Cambridge Music Festival: Academy of St Martin in the Fields
The Cambridge Music Festival continued its spring programme by welcoming The Academy of St Martin in the Fields (in Chamber Ensemble form) to the Cambridge Union Debating Chamber on Tuesday evening for a performance of works by J.S.Bach, Sally Beamish and Mendelssohn.
The concert began with a movement from Bach’s ‘Musical Offering’, a collection of keyboard works on a theme given to Bach, somewhat mischievously as a test, by Frederick the Great of Prussia.
Frederick’s court was an exceptionally musical one. He himself was an accomplished flautist, and Bach’s son CPE Bach was his personal harpsichordist.
In 1747 Bach, with his son Wilhelm Friedeman, visited Frederick at Potsdam and was asked to improvise one particular fugue on a given theme which, having completed it some weeks later, he gave as his musical offering to Frederick.
This was an immensely challenging composition (and needless to say Bach passed Frederick’s test), a fugue in 6 parts [‘Ricercar a 6’], now known by the first letters of the complete inscription on the composition,‘Regis Iusso Cantio . . . etc’ (‘the theme given by the king’), ricercar being also a well-known musical genre of the time.
On the same visit, when King Frederick introduced Bach to a new instrument, the fortepiano, it marked a significant moment in musical history as Bach, already a notable keyboardist for harpsichord and organ, would have played this ancestor of the piano, for him a personal first.
The Academy’s beautiful and accomplished performance was an adaptation for strings of this sombre and inventive composition, regarded as the most famous in the ‘Musical Offering’ collection. Imagine with one hand keeping 6 balls in the air at the same time while giving each one an individual trajectory. This might give some idea of a fugue in 6 parts, only the fugue is a vastly more difficult exercise.
The musicians followed with the Partita for String Octet by the celebrated and versatile British composer, Sally Beamish. This work was commissioned by The Academy in 2019 and reveals as the source of its inspiration the counterpoint of Bach and Mendelssohn’s Octet.
It’s in 3 parts, Prelude, Fugue and Chaconne, acknowledging movements familiar in many of Bach's works, and is a complicated piece which calls for split-second timing and where each member of the octet is allotted a prominent passage among the various monotones, quiverings, pizzicati, hesitations, silences and dissonances which collectively have a mesmerising effect on an audience.
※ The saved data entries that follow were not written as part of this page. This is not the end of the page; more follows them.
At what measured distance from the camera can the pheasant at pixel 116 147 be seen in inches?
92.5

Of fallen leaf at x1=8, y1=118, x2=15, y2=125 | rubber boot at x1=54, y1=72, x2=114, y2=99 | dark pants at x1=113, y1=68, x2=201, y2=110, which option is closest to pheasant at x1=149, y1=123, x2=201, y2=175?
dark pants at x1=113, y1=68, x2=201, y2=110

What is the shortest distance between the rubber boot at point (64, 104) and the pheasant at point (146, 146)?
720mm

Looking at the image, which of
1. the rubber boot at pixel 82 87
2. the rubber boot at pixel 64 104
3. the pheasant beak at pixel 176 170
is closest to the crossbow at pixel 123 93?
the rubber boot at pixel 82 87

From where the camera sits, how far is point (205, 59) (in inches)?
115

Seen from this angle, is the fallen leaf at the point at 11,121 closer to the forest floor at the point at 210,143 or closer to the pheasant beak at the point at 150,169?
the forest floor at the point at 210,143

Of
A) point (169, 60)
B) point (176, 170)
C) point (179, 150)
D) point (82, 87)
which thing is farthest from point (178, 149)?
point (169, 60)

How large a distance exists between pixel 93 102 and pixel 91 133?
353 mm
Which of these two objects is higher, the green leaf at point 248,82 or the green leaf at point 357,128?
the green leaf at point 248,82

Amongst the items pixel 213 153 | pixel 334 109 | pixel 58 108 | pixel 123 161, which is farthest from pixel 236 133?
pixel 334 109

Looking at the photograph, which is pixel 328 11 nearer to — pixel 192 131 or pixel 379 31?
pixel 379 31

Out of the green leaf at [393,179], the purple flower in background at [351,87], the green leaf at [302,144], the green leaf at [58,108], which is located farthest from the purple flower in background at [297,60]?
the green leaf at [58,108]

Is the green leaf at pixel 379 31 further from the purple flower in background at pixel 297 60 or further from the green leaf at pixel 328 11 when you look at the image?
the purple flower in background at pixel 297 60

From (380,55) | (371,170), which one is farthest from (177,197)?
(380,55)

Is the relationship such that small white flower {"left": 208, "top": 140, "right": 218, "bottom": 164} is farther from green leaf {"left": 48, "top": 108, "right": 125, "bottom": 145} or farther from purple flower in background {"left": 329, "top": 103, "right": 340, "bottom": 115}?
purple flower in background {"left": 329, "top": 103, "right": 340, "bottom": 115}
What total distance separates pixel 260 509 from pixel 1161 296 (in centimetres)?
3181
The final performance was Mendelssohn’s String Octet in E flat op. 20, an astonishingly mature work to have been written by a 16-year-old on the threshold of his career. The composition, from the opening Allegro with its beautiful melody, moves to an affectingly lyrical (sometimes tragic almost) Andante, followed by the famous Scherzo where the strings chase each other at full tilt in a kind of moto perpetuo.
The, at times playful, final movement (Presto) alludes to a passage from the previous one, as well as to the Hallelujah Chorus from ‘Messiah’ by Handel, a composer who was a strong influence on Mendelssohn. (‘and he shall reign’). The same passage occurs in Beamish’s Partita in very slow mode in her gentle fugue, as well as in the Chaconne but in a more rumbustious form.
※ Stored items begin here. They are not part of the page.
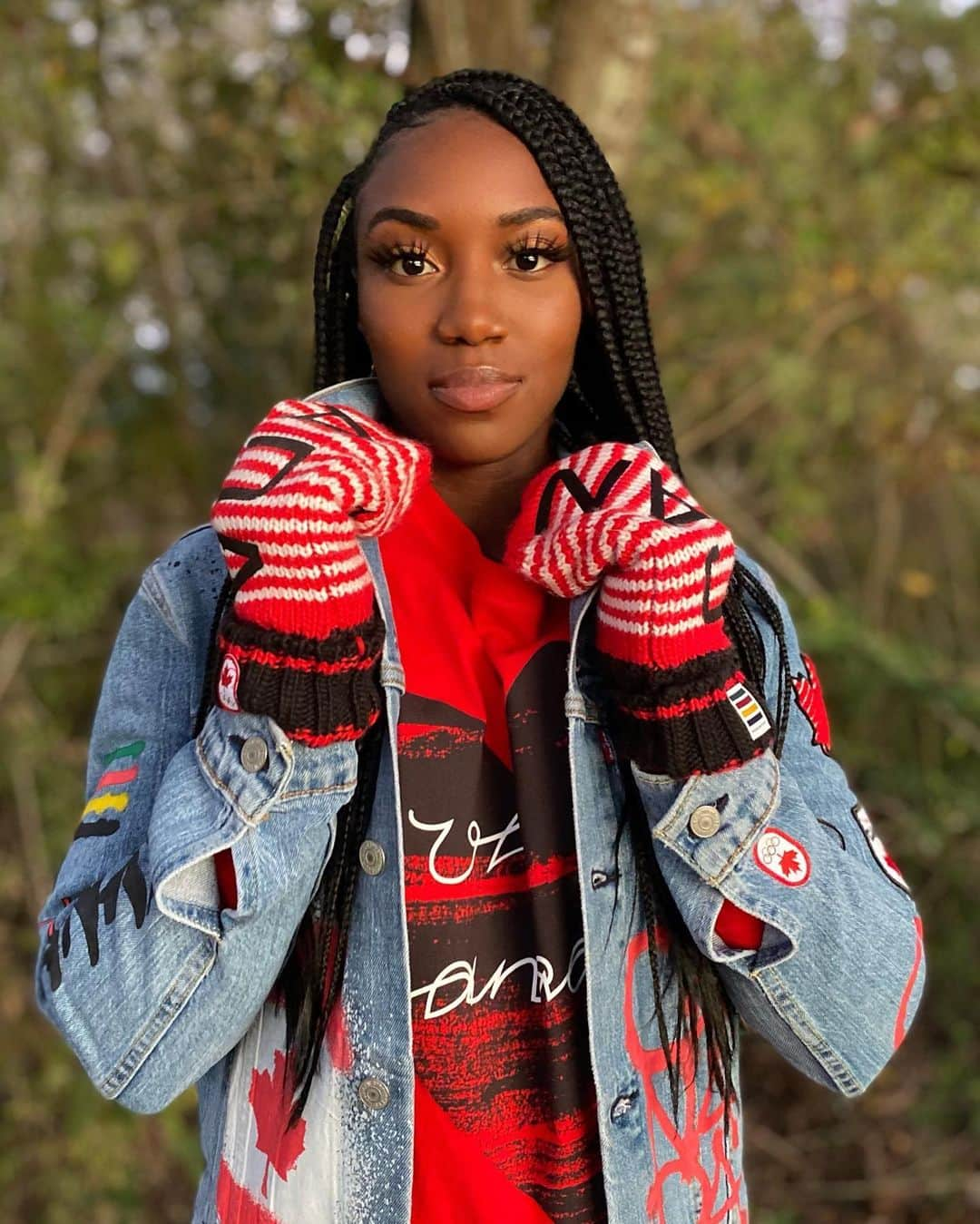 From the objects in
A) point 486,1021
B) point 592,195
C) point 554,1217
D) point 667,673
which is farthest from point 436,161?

Needless to say the renowned string octet held its appreciative audience spellbound throughout the programme, adjusting its talents and techniques to three logically chosen works, so like and yet unlike each other at the same time, and all of them impeccably performed.
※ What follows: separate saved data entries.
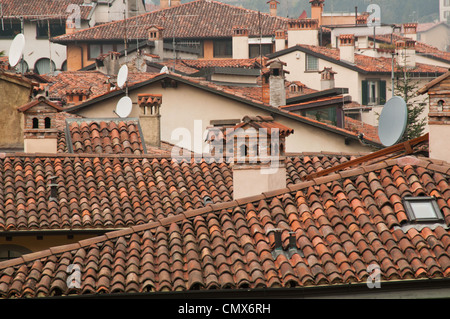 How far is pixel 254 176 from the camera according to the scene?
18453mm

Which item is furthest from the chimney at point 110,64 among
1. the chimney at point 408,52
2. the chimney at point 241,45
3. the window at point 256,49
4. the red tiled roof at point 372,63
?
the window at point 256,49

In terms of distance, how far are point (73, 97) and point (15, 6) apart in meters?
39.5

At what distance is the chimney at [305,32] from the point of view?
67.1m

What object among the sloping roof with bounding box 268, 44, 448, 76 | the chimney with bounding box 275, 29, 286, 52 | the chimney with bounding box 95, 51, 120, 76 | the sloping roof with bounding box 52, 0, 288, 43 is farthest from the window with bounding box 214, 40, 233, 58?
the chimney with bounding box 95, 51, 120, 76

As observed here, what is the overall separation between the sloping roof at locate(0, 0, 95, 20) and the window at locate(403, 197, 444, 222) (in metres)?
68.8

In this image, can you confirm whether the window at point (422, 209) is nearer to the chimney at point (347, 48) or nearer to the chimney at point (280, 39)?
the chimney at point (347, 48)

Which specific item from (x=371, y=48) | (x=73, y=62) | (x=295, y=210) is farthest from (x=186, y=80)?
(x=73, y=62)

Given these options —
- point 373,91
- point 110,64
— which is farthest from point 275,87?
point 110,64

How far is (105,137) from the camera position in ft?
83.0

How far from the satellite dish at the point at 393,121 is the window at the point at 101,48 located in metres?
57.4

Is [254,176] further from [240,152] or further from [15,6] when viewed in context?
[15,6]

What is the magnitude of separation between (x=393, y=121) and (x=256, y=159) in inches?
109

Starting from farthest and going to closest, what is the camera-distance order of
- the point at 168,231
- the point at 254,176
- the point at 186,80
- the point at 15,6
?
the point at 15,6
the point at 186,80
the point at 254,176
the point at 168,231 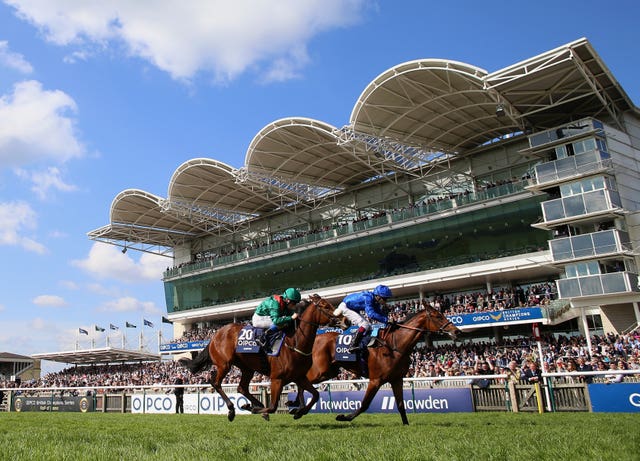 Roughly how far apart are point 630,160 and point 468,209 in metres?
8.81

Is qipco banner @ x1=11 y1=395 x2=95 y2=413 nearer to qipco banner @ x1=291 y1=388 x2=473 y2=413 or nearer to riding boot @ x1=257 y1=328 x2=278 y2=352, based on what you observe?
qipco banner @ x1=291 y1=388 x2=473 y2=413

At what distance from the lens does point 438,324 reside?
27.8 feet

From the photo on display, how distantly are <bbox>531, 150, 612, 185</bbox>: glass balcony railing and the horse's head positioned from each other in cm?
2165

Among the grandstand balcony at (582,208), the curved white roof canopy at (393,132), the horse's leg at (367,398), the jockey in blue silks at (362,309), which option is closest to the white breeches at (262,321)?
the jockey in blue silks at (362,309)

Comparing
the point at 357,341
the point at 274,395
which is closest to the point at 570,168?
the point at 357,341

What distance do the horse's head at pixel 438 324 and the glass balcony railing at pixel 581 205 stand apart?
21099mm

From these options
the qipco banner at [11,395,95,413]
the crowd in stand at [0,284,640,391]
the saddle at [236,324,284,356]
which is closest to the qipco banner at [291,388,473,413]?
the crowd in stand at [0,284,640,391]

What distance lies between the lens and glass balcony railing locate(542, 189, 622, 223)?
26.0 meters

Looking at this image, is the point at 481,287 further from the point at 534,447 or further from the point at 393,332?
the point at 534,447

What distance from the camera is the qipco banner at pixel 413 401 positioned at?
42.3 feet

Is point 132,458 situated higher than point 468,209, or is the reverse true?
point 468,209

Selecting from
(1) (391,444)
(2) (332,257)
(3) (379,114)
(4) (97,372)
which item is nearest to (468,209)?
(3) (379,114)

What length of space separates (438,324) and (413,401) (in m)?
5.77

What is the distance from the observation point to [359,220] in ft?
128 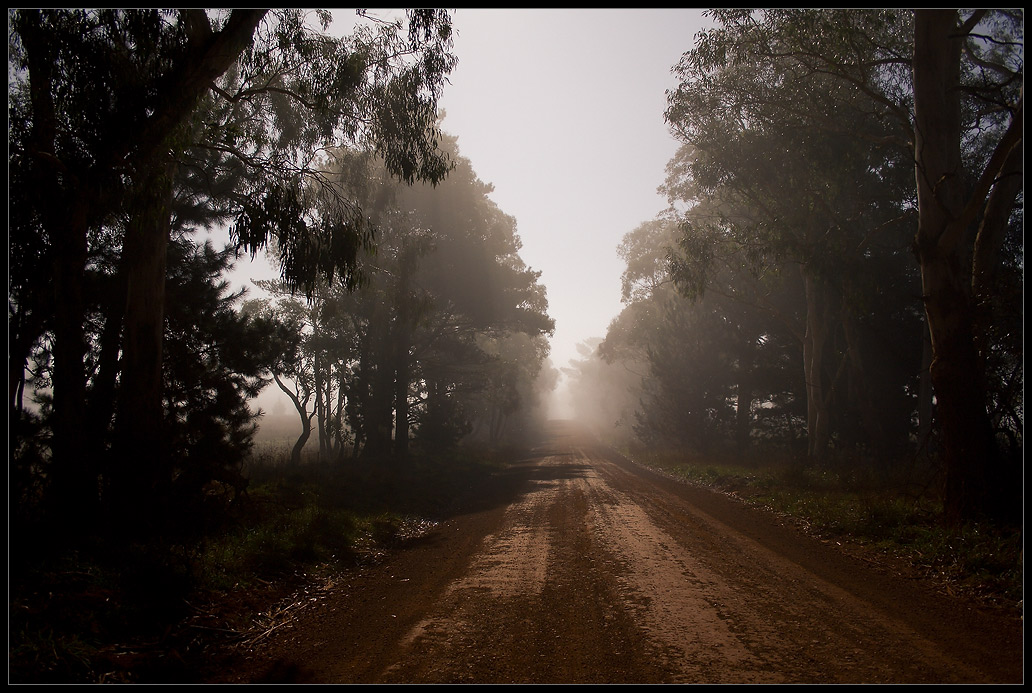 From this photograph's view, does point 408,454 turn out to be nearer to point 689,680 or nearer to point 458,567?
point 458,567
The group returned to encore with a short piece by that master of melody, Edvard Grieg, entitled ‘The Last Spring’.
On the level of pure performance alone, this has to be among the best I’ve ever seen. Leader Tomo Keller was a phenomenon on the violin, and the group as a whole a powerhouse of virtuosity. To watch how members of the ensemble visibly appreciated the talents of their counterparts too was a joy to behold.